Mandan earth lodge frame
earth lodge frame, Stanton, ND

Earth lodges were generally 30 to 40 feet in diameter, though community lodges were much larger.  The floor was sunk a foot or two. 

earth lodge interior
dome framing (Fort Abraham Lincoln Park)

A hole was left at the top for light to enter and smoke from the central fireplace to escape.

mandan earth lodge interior
interior (Knife River National Park)

Cross-threaded willow branches covered the framework horizontally. This was topped with pulled grass, then dirt on top of that.  Grass was sown in the dirt to help keept the soil in place.

community earth lodge
much larger community earth lodge (Fort Abraham Lincoln, ND)

exterior Mandan earth lodge
exterior (Knife River National Park, ND)

The outside framing was designed to keep the dirt from slipping down and as a foothold for climbing onto the roof.

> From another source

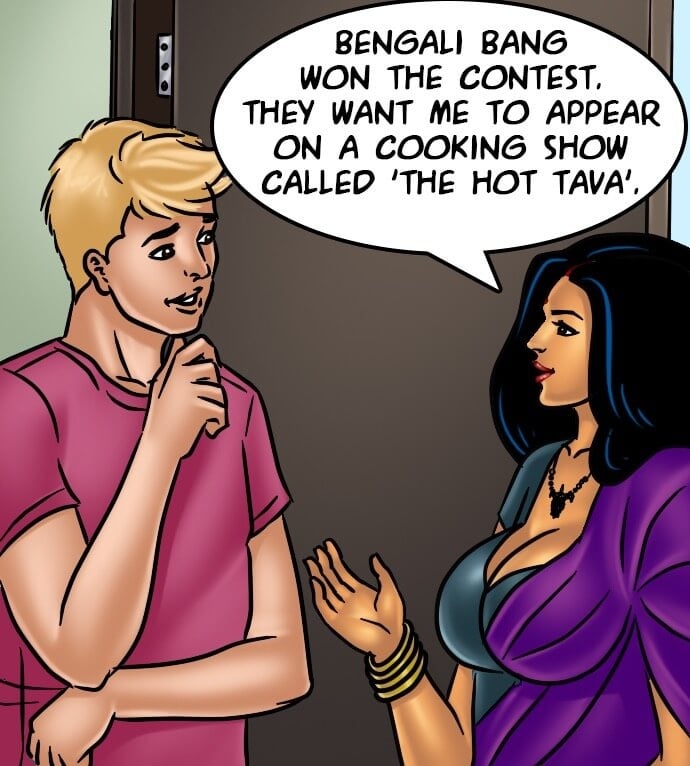 Savita Bhabhi [Kirtu] - Chapter 66 — Page 90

exterior Mandan earth lodges
exterior (Fort Abraham Lincoln National Park, ND)

If the weather got bad, the round boats could be used as a cover over the smoke hole.

Mandan village model
On a Slant Mandan Village model. note that entrances point to comunity square (Fort Abraham Lincoln National Park)


On a Slant Village location was selected for its protective ditch on one side, and the Missouri River on another.  Other tribes attacked the Mandan villages from time to time.

In 2010 an earth lodge was constructed in Kearney, Nebraska, although they did use some modern tools.